Directions for this task:
Print the line that contains "MINI VEGASAURIOS LIDL", then every line after it until the entries end, exactly as they read; do not include pictures.
(Supplied data Opens)
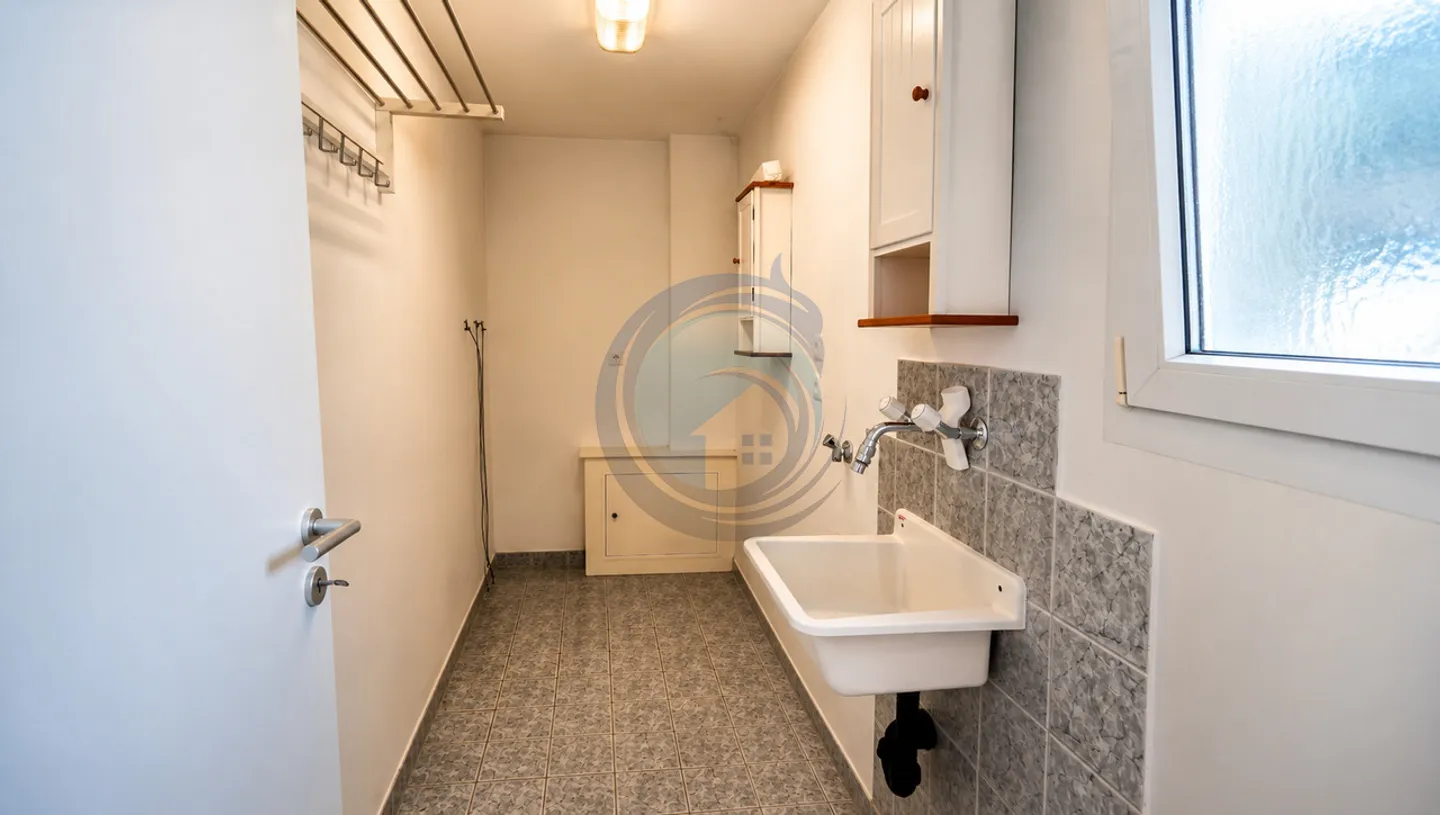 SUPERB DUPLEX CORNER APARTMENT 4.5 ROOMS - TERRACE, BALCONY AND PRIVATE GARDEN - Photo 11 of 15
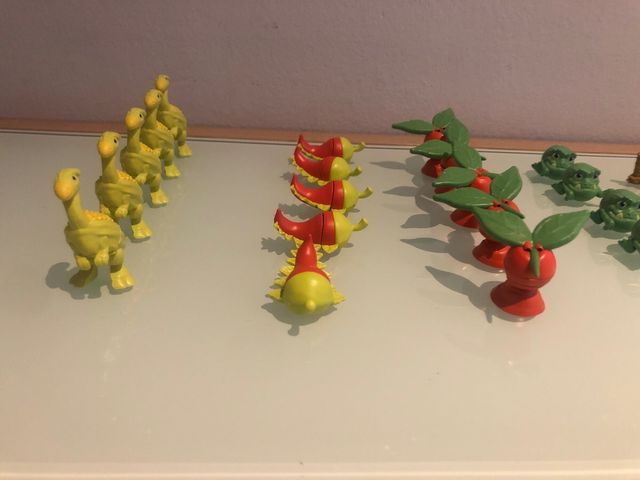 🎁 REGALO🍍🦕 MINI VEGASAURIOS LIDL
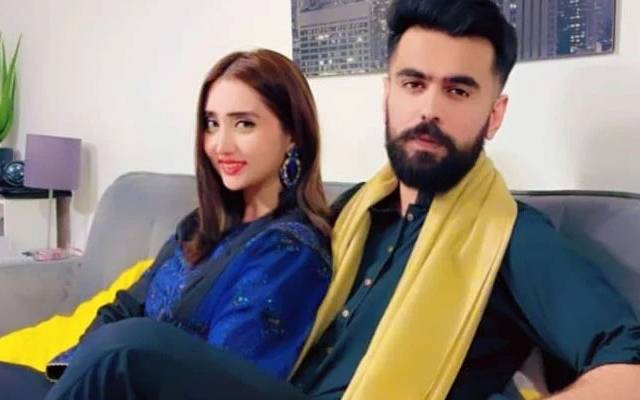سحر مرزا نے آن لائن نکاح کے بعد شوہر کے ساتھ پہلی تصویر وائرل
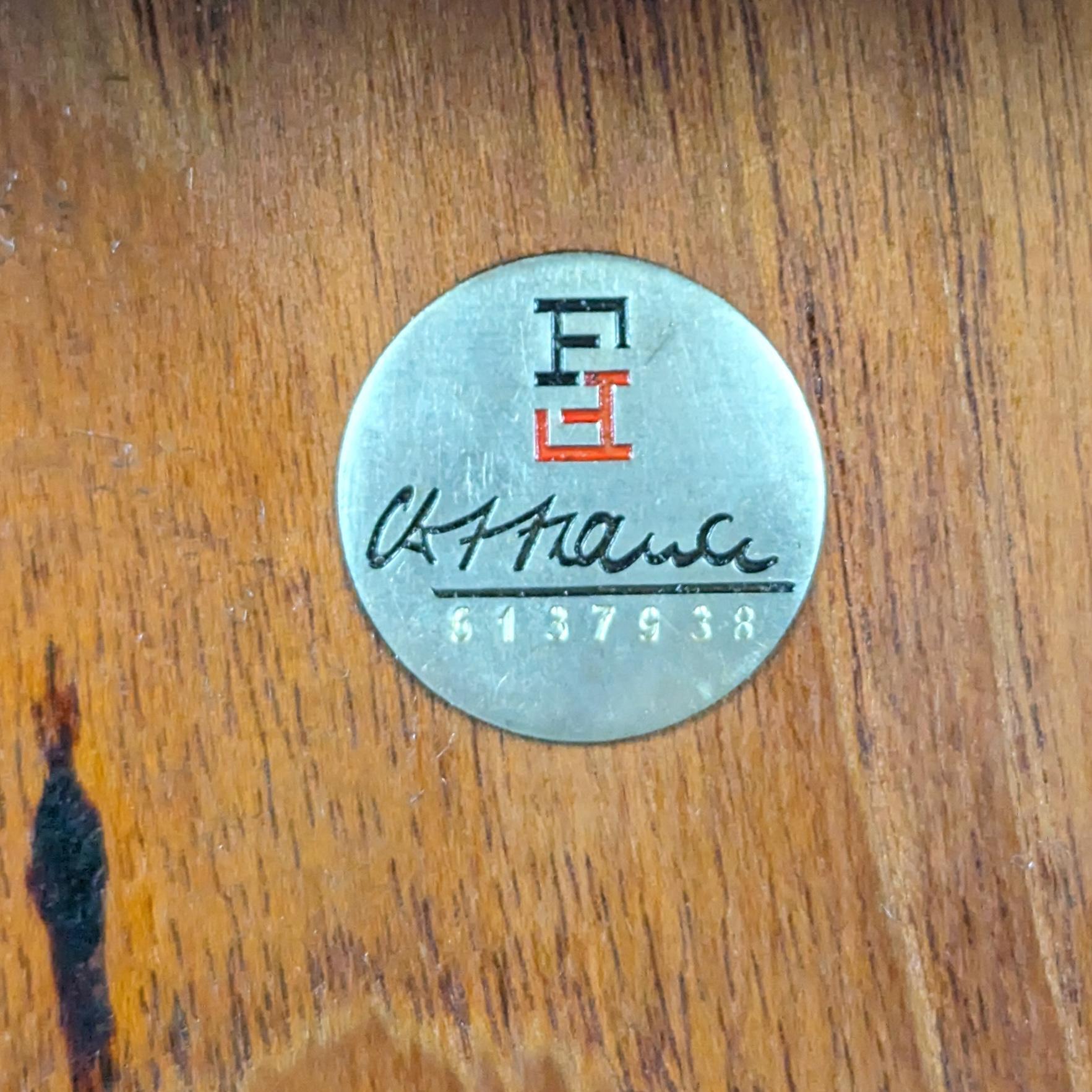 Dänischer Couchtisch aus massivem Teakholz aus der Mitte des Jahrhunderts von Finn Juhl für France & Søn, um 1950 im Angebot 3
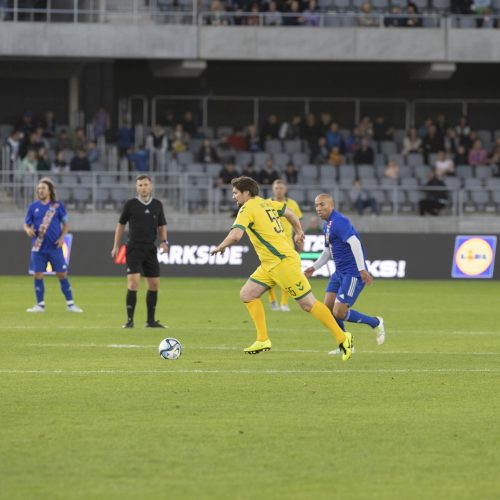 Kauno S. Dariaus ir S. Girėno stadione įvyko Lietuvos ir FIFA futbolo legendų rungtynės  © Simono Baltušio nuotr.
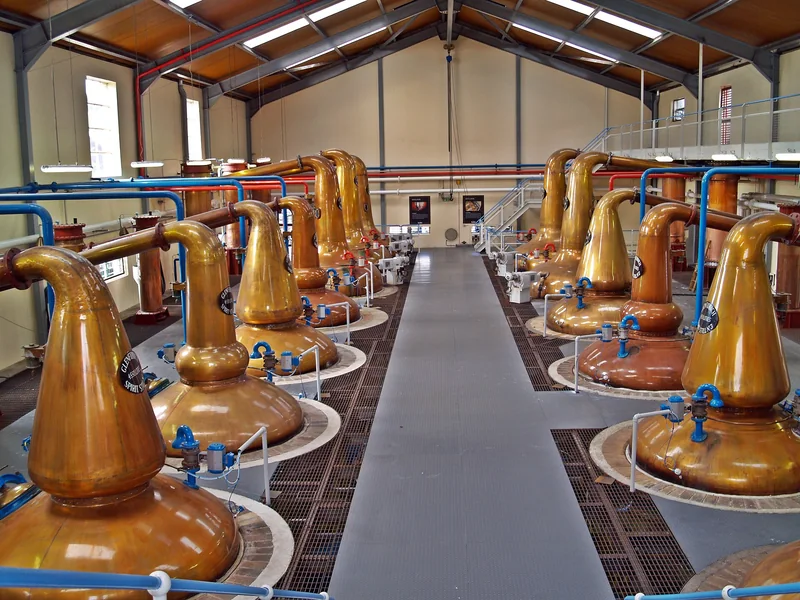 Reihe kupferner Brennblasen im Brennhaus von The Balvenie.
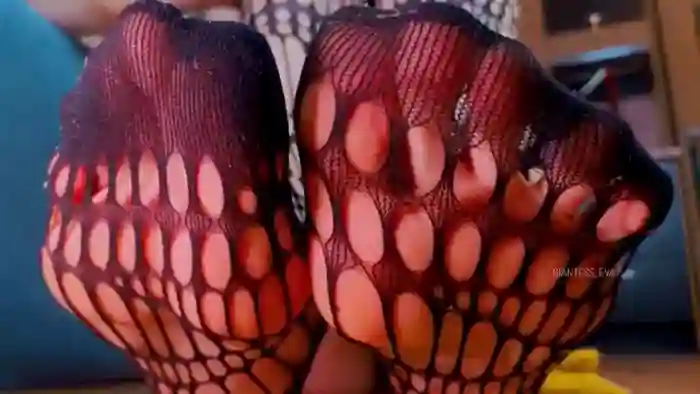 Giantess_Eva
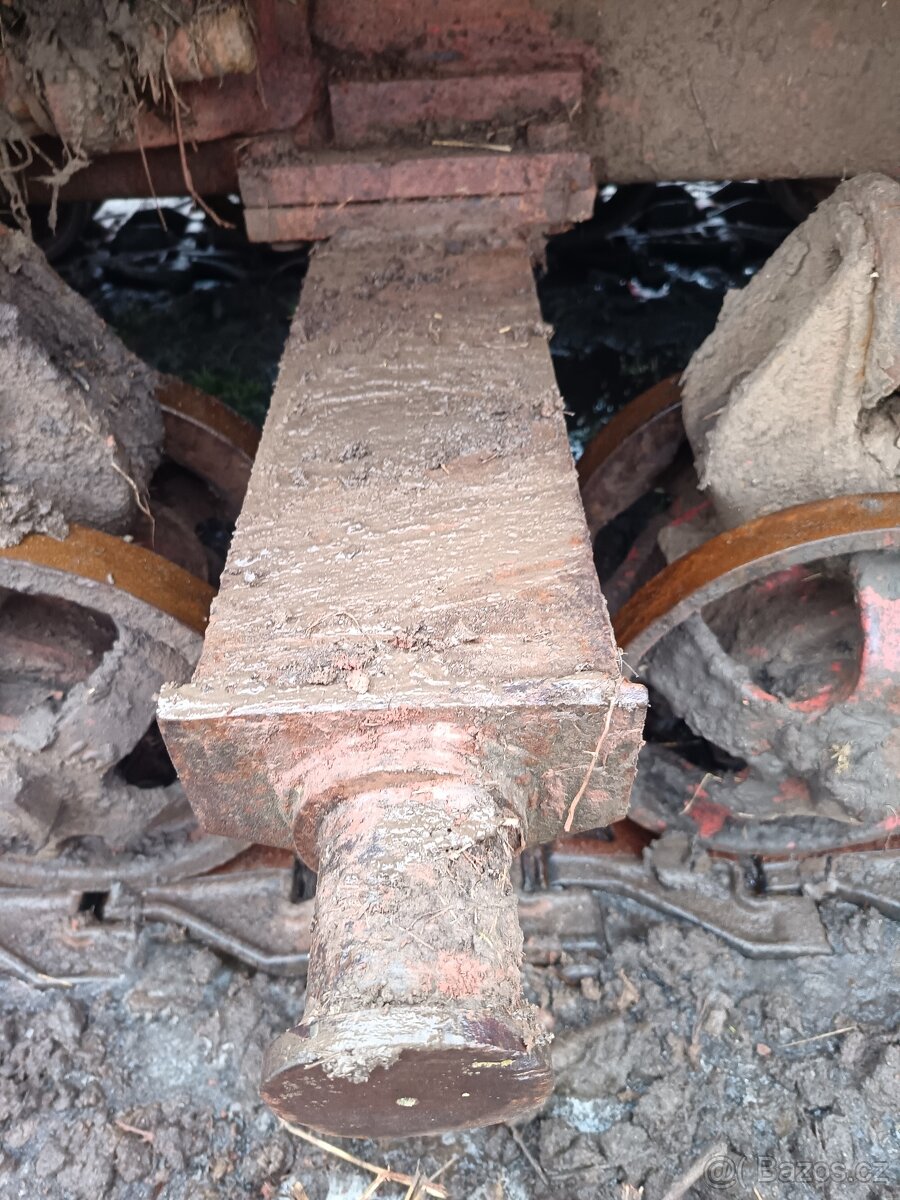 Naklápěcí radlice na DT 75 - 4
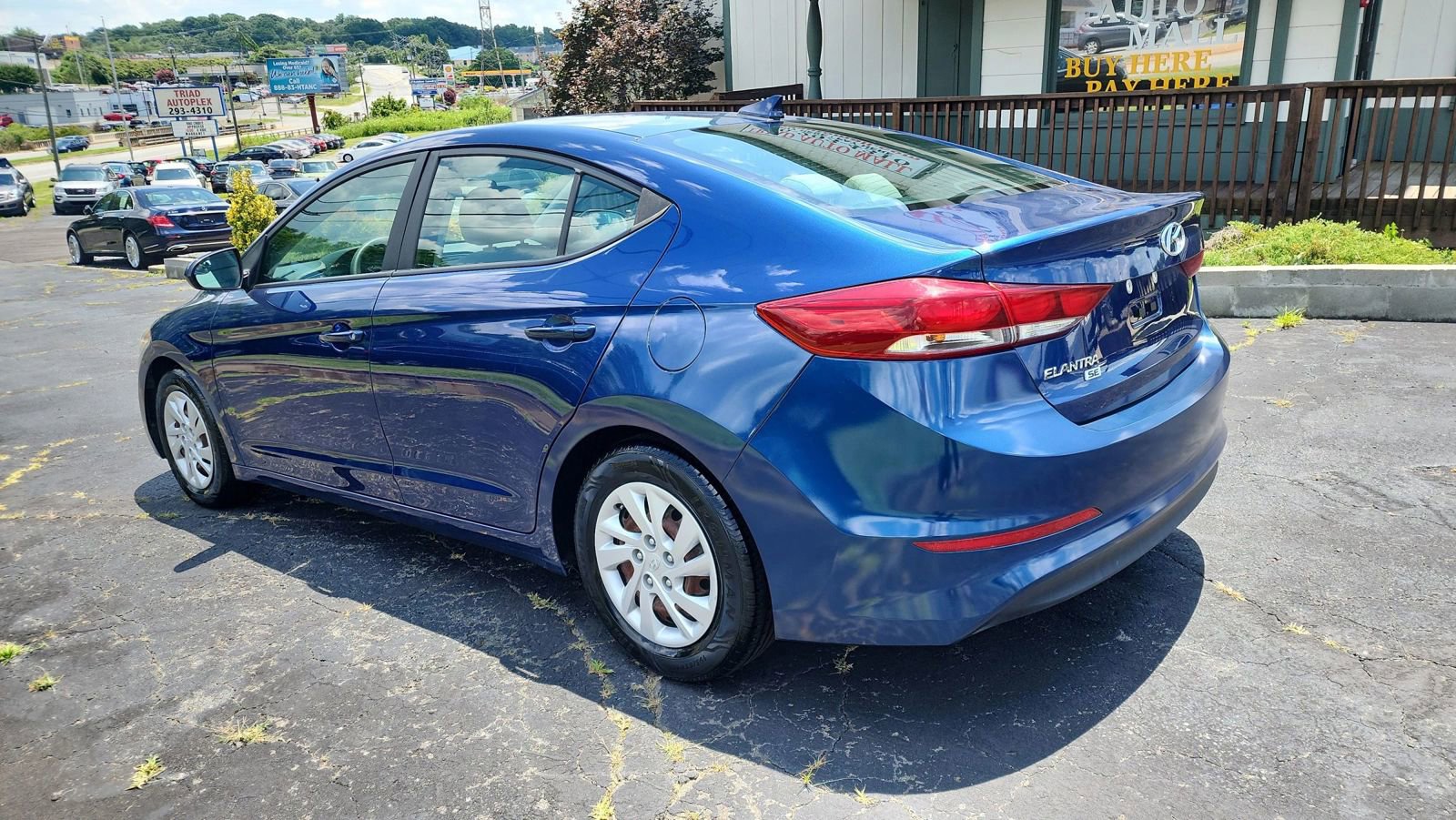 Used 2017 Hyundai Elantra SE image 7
(Supplied data Closes)
Output for this task:
 🎁 REGALO🍍🦕 MINI VEGASAURIOS LIDL
سحر مرزا نے آن لائن نکاح کے بعد شوہر کے ساتھ پہلی تصویر وائرل
 Dänischer Couchtisch aus massivem Teakholz aus der Mitte des Jahrhunderts von Finn Juhl für France & Søn, um 1950 im Angebot 3
 Kauno S. Dariaus ir S. Girėno stadione įvyko Lietuvos ir FIFA futbolo legendų rungtynės  © Simono Baltušio nuotr.
 Reihe kupferner Brennblasen im Brennhaus von The Balvenie.
 Giantess_Eva
 Naklápěcí radlice na DT 75 - 4
 Used 2017 Hyundai Elantra SE image 7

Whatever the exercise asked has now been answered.